== Material provided

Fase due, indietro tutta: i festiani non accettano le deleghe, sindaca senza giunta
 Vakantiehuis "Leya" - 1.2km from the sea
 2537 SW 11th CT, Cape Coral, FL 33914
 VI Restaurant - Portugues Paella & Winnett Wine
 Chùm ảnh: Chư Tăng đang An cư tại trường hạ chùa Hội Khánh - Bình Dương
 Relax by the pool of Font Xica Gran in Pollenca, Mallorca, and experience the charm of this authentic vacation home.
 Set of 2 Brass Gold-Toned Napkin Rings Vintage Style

====

** Exercise details **
Reproduce the entries exactly, starting at their first line and stopping after the line with "Chùm ảnh: Chư".

** Answer to the exercise **
Fase due, indietro tutta: i festiani non accettano le deleghe, sindaca senza giunta
 Vakantiehuis "Leya" - 1.2km from the sea
 2537 SW 11th CT, Cape Coral, FL 33914
 VI Restaurant - Portugues Paella & Winnett Wine
 Chùm ảnh: Chư Tăng đang An cư tại trường hạ chùa Hội Khánh - Bình Dương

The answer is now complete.